● **Problem details**: What is needed is an exact repetition of the lines below, from the first one through the one holding "Eredi dei Papi", with no pictures and nothing else.

_ _ _ _

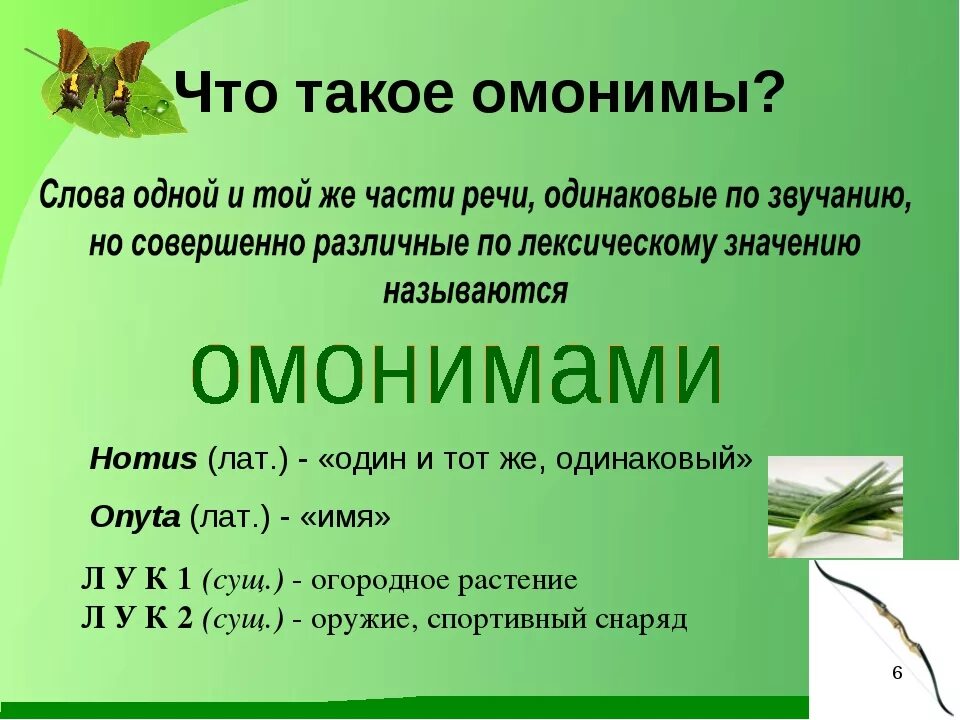 Чем отличаются многозначные слова от омонимов. Омонимы 5 класс. Омонимы 5 класс презентация. Омонимы примеры 5 класс. Что такое омонимы в русском языке 5 класс.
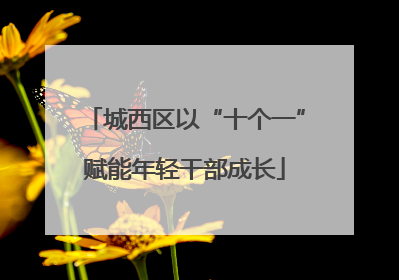 城西区以“十个一”赋能年轻干部成长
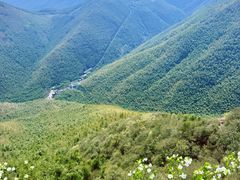 -加顺农场餐厅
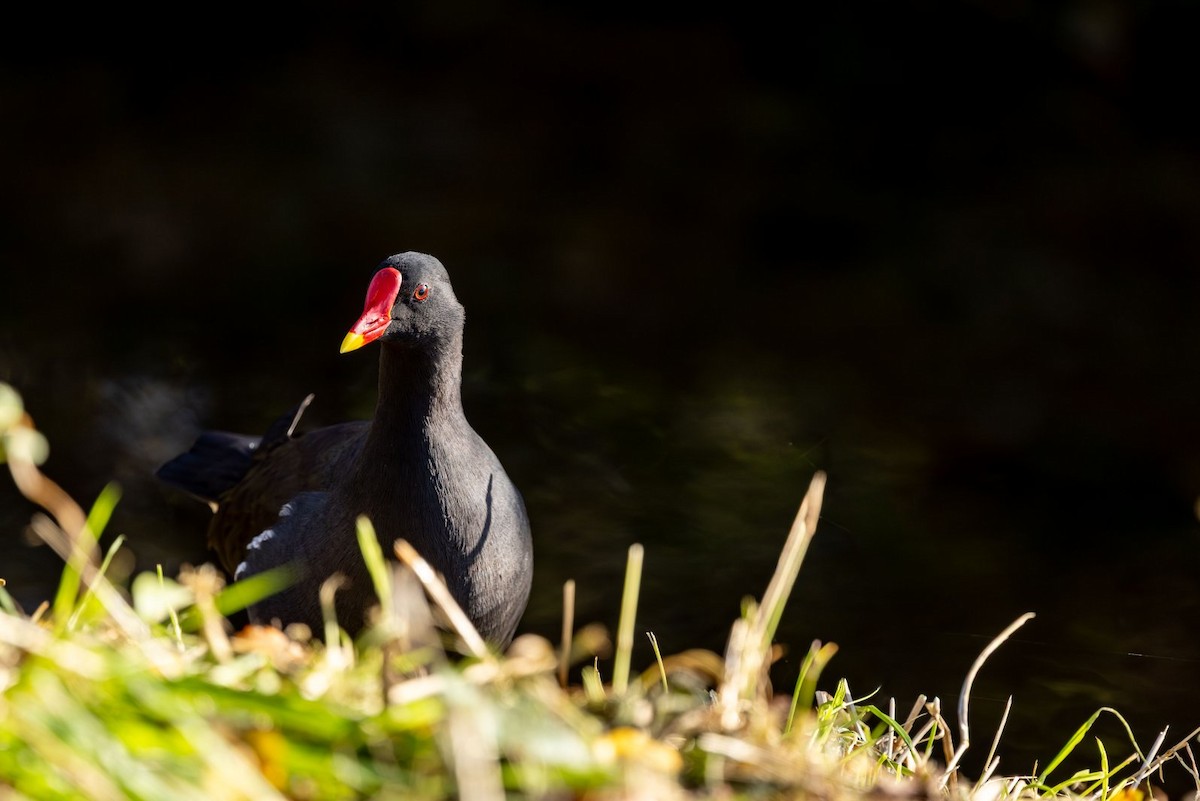 紅冠水雞 - ML646146719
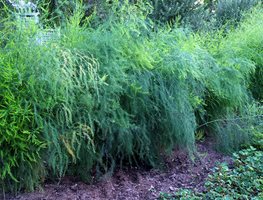 Purple Passion
Garden Design
Calimesa, CA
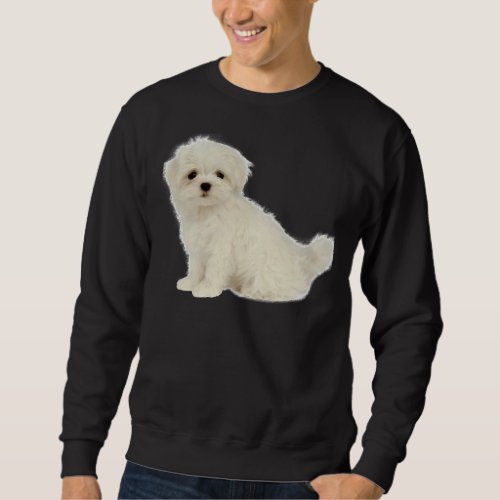 Long Coated White Puppy Maltese Dog Poodle Shih Tz Sweatshirt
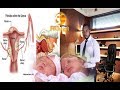 FAHAMU JINSI YA KUPATA MAPACHA WA JINSIA ZOTE NA DR FADHILI EMILY FAHAMU JINSI YA KUPATA MAPACHA WA JINSIA ZOTE NA DR FADHILI EMILY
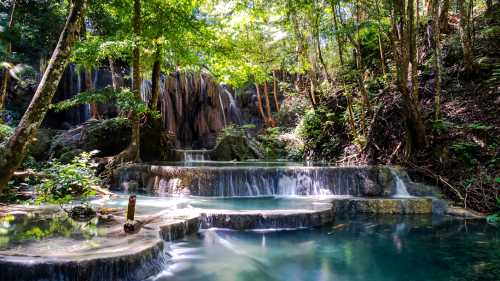 Visit Moyo Island, home to incredible forests and waterfalls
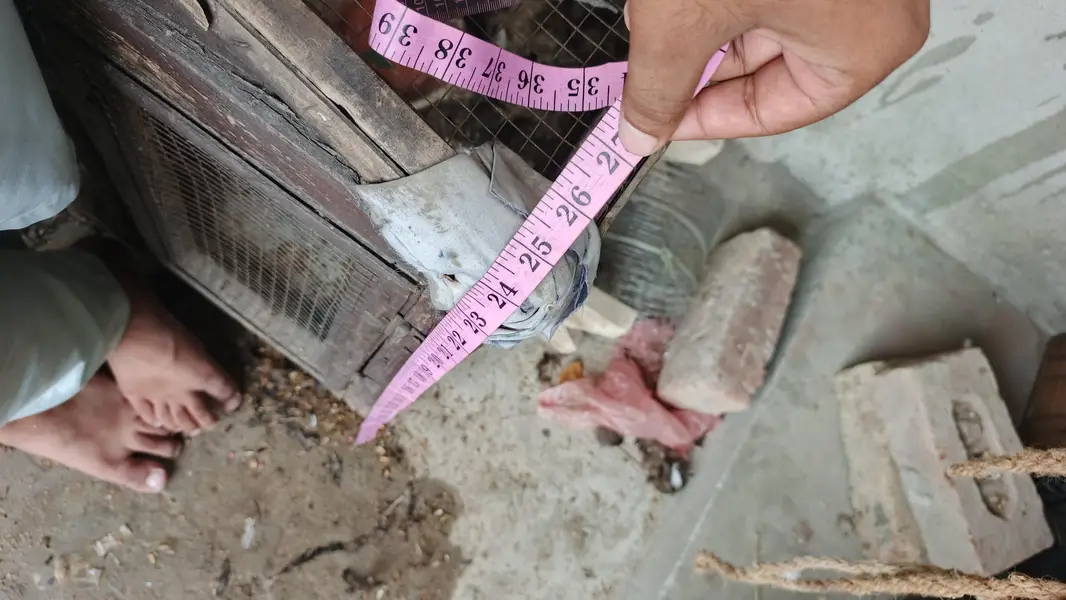 paki lakri ka cage for sale — photo 6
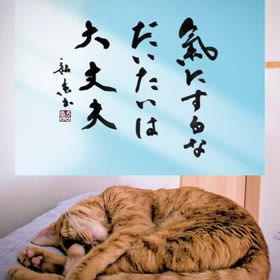 2025/09/18の画像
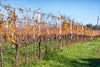 Eredi dei Papi - Degustazione 4 Vini con Light Lunch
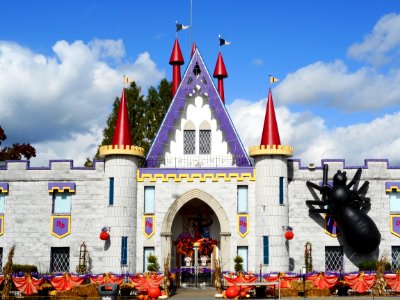Dutch Wonderland w spider LanCo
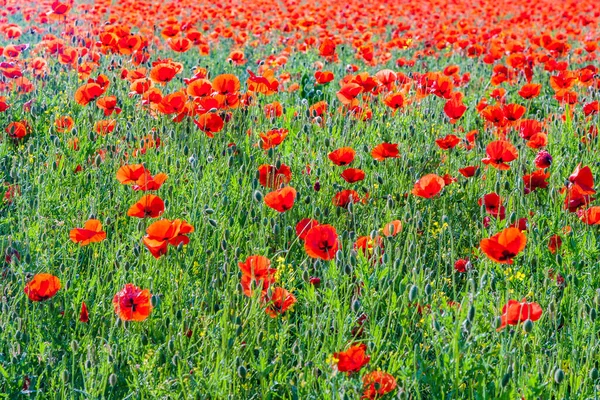 印象派の美しい光の草原でカラフルな赤いケシの花 — ストック写真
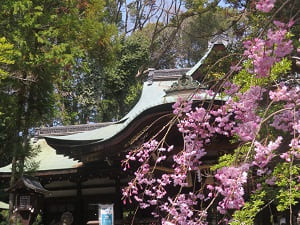 本殿の屋根と八重紅枝垂れ桜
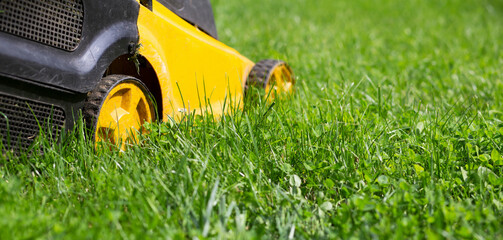 Close-up of a lawn mower wheel on green lawn grass, gardening equipment banner, background with copy space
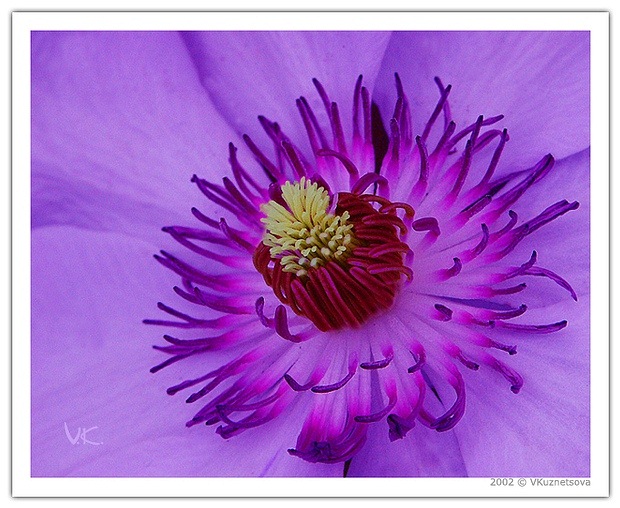 фото "Purple Flower" метки: макро и крупный план, природа, цветы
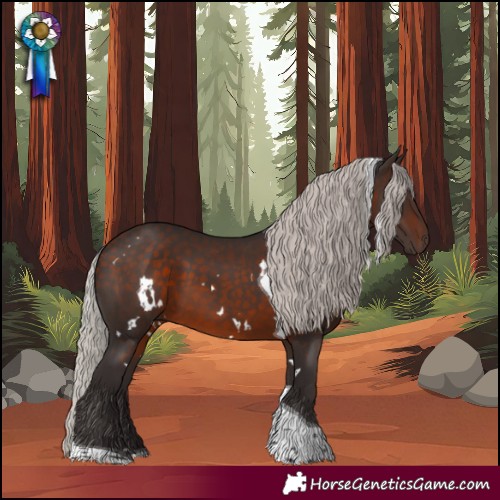 Horse Color:White Spotted Silver Brown Tobiano 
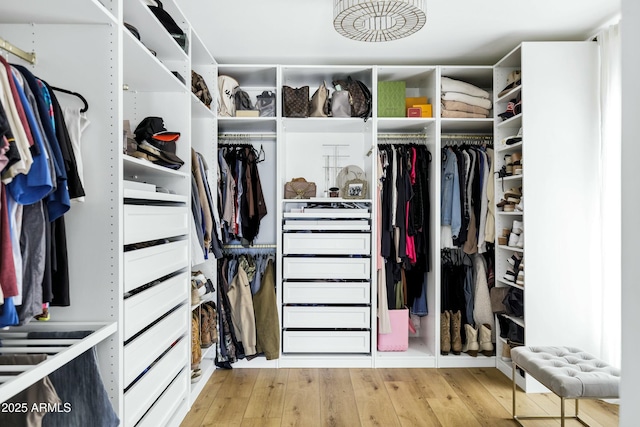 spacious closet featuring wood finished floors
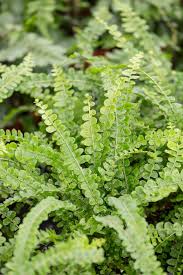 Image result for Nephrolepis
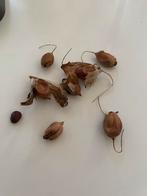 Zaden van Acanthus, Enlèvement ou Envoi, Printemps, Plein soleil, Graine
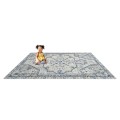 Canyon Tapestry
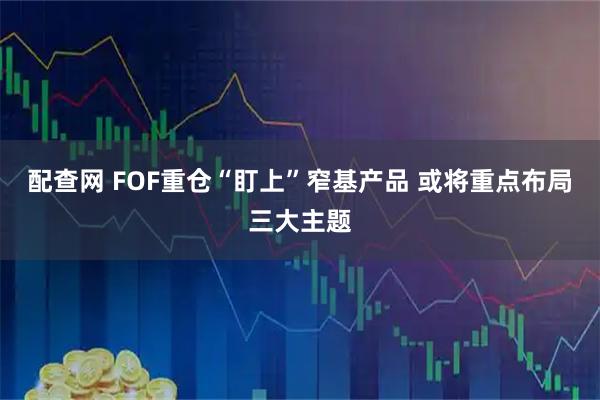 配查网 FOF重仓“盯上”窄基产品 或将重点布局三大主题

_ _ _ _

● **Result of this task**:
 Чем отличаются многозначные слова от омонимов. Омонимы 5 класс. Омонимы 5 класс презентация. Омонимы примеры 5 класс. Что такое омонимы в русском языке 5 класс.
 城西区以“十个一”赋能年轻干部成长
 -加顺农场餐厅
 紅冠水雞 - ML646146719
 Purple Passion
Garden Design
Calimesa, CA
 Long Coated White Puppy Maltese Dog Poodle Shih Tz Sweatshirt
 FAHAMU JINSI YA KUPATA MAPACHA WA JINSIA ZOTE NA DR FADHILI EMILY FAHAMU JINSI YA KUPATA MAPACHA WA JINSIA ZOTE NA DR FADHILI EMILY
 Visit Moyo Island, home to incredible forests and waterfalls
 paki lakri ka cage for sale — photo 6
 2025/09/18の画像
 Eredi dei Papi - Degustazione 4 Vini con Light Lunch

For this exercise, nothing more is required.